Así como la catequesis debe enseñar a los niños que Satanás no es el gran rival dualista de Dios, igual y opuesto, enzarzado en un combate eterno, debemos reconocer que el infierno no es rival del cielo. Ya sea que sus habitantes sean muchos, pocos o ninguno, el infierno no es, como imagina la doctrina calvinista de la doble predestinación, un lugar que Dios ha planeado o querido para cualquier criatura humana. Es, más bien, un corolario del cielo, que puede o no realizarse nunca.
Pero aunque el infierno esté vacío, no es porque no exista. Si bien la Iglesia no declara que ningún individuo esté ciertamente condenado, sí enseña que un individuo ha ido al infierno. Cristo mismo, dice el credo, descendió a los infierno. La situación humana de la que hablaba Cristo cuando enseñaba sobre el infierno, la profundidad total de la soledad y la desolación humanas sin Dios, no se descartó cuando él mismo asumió la condición humana. La encarnación, también llamada a veces descenso, fue el "sí" de Dios a todo ello. El cristianismo no nos enseña que el infierno existe. Eso lo podemos saber por simple y honesta observación. El cristianismo nos enseña que es posible encontrar a Dios en las profundidades del olvido. Y al tercer día, resucitó.
Notas:
[1] Fondement, 41. Citado en Paul McPartlan Sacrament of Salvation: An Introduction to Eucharistic Ecclesiology (Edimburgo: T & T Clark, 1995), 75.

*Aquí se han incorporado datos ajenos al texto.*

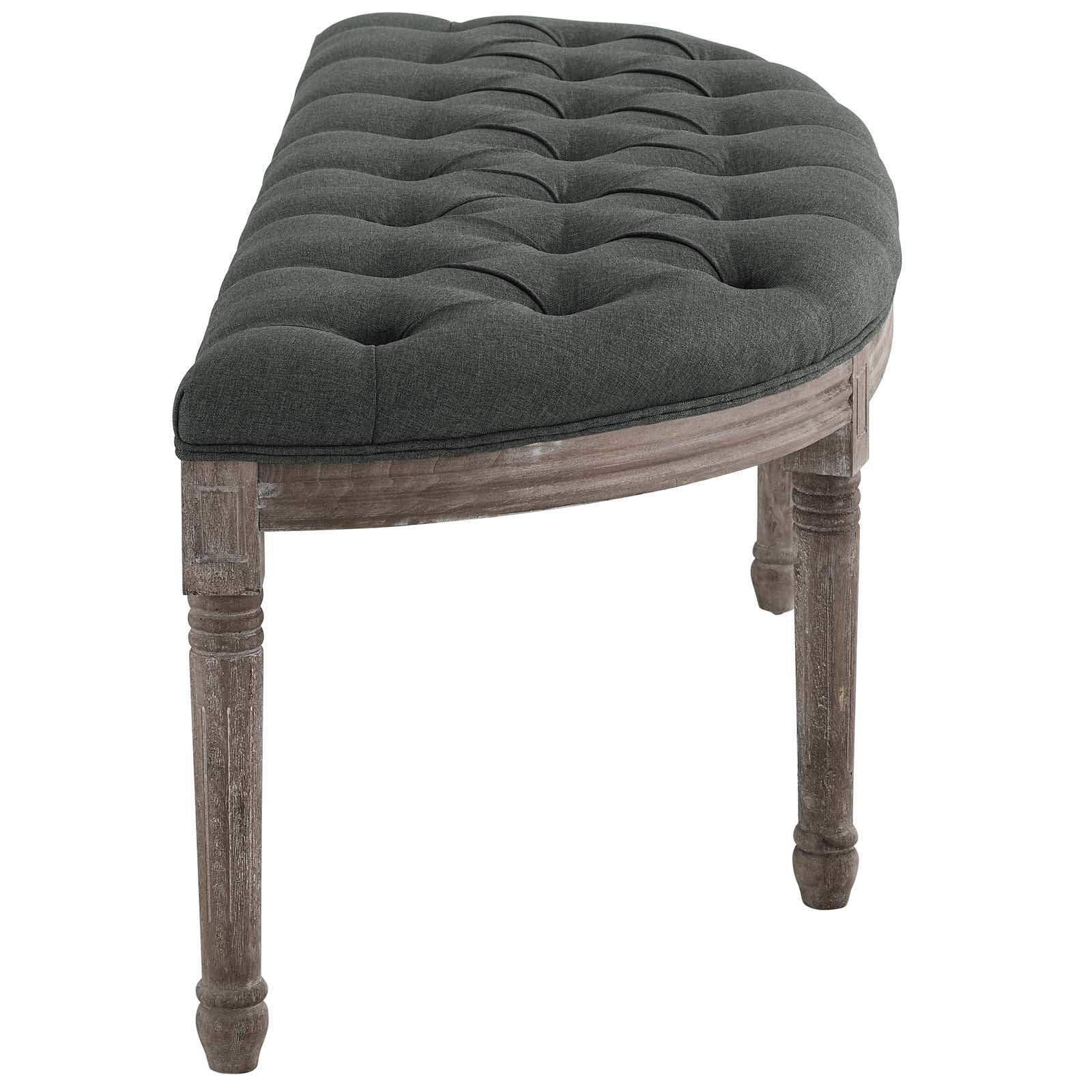 Esteem Vintage French Upholstered Fabric Semi-Circle Bench - East Shore Modern Home Furnishings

[2] Como dice un destacado tomista contemporáneo: "¿Cuáles son los orígenes del infierno? ¿De dónde viene? Fundamentalmente, la condenación eterna no proviene de Dios, sino de las elecciones de los seres humanos, que se apartan libremente de Dios, de Cristo y de la ley moral". Thomas Joseph White, The Light of Christ: An Introduction to Catholicism (Washington, D.C.: CUAP 2017), 266.
[3] Trato los orígenes de esta frase en mi Can Catholics and Evangelicals Agree about Purgatory and the Last Judgment? Mahwah, NJ: Paulist Press, 2011, p. 112, n. 4.
[4] Karl Rahner, The Priesthood (Chestnut Ridge, NY: Herder and Herder, 1973).
[5] Ver: Joseph Ratzinger, Introduction to Christianity (San Francisco: Ignatius), 1969: 301.